Speaking at a press conference, Director-General of the Disease Control Department of Thailand Suwannachai Wattanayingcharoenchai said the cases on the day fall into two groups, one linked to earlier cases and the other mostly with overseas connections.
From the start of the COVID-19 outbreak, the nation has reported one death, with 42 people having fully recovered and being discharged from hospital, and 169 others being treated.
Earlier, the Communicable Disease Division of Thailand unveiled three scenarios on the spread of the COVID-19 pandemic in the country, projecting that the number of new cases each week will be at its peak between January and February next year.
The first and best case scenario forecast by the division is based on an assumption that one patient will transmit the virus to 1.6 persons which would result in 400,000 new infections by the end of next year, according to Dr Sophon Iamsirithavorn, chief of the division.
In this case, the virus would ultimately settle down to become a seasonal endemic like the flu. However, Dr Sophon stressed that this assumes that state measures designed to prevent people from coming into contact with the virus, such as bans on large gatherings and putting those from virus-hit areas in quarantine, prove effective.

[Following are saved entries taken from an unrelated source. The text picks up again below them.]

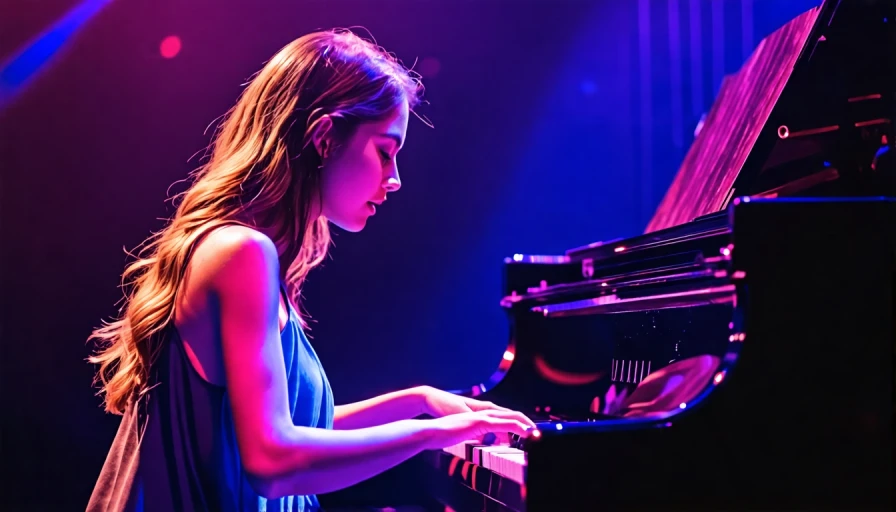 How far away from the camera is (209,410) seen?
1455mm

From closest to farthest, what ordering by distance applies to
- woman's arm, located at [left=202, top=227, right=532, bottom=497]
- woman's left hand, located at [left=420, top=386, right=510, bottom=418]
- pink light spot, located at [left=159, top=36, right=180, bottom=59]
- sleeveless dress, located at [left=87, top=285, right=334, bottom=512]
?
woman's arm, located at [left=202, top=227, right=532, bottom=497], sleeveless dress, located at [left=87, top=285, right=334, bottom=512], woman's left hand, located at [left=420, top=386, right=510, bottom=418], pink light spot, located at [left=159, top=36, right=180, bottom=59]

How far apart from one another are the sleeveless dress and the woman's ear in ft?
1.42

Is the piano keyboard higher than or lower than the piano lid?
lower

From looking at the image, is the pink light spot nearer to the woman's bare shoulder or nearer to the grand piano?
the grand piano

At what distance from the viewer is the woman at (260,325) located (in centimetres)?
135

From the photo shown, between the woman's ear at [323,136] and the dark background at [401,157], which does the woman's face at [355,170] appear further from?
the dark background at [401,157]

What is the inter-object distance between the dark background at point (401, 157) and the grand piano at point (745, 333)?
4.13 feet

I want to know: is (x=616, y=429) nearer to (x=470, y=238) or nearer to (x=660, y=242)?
(x=660, y=242)

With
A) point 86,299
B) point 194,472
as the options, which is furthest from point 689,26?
point 194,472

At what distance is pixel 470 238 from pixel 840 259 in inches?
84.9

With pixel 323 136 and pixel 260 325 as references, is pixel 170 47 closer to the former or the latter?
pixel 323 136

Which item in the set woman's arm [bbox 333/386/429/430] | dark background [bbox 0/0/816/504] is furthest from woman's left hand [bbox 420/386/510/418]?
dark background [bbox 0/0/816/504]

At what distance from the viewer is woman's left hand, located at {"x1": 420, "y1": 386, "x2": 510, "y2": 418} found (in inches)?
75.6

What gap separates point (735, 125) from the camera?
2.18 m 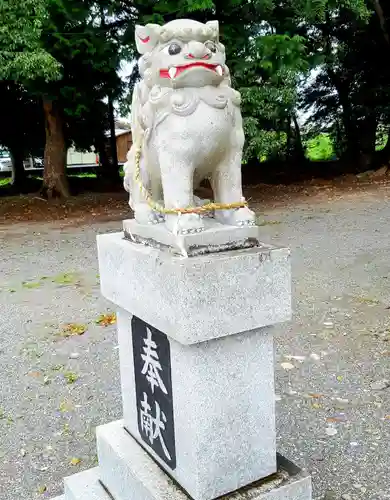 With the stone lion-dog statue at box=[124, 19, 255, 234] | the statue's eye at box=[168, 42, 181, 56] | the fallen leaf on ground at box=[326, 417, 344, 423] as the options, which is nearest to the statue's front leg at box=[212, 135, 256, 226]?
the stone lion-dog statue at box=[124, 19, 255, 234]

The second estimate putting the rate of transmission at 1.8 would see Thailand struck by 9.9 million cases by the end of 2020.
The third scenario would see measures to curb the spread of the virus prove ineffective, resulting in rapid transmission at a rate of 2.2 new cases per infection with 37.4 million cases of COVID-19 in Thailand diagnosed over the same period.
However, Dr Sophon expressed his belief that the country's efforts to control the spread of the disease make this estimate more of a worst-case scenario than a realistic projection.
The Thai government has ordered closure of schools and gathering places such as clubs, bars and movie theatres in Bangkok capital city and neighbouring localities for two weeks starting from March 18, and put the traditional Songkran holidays on hold to prevent the spread of the COVID-19.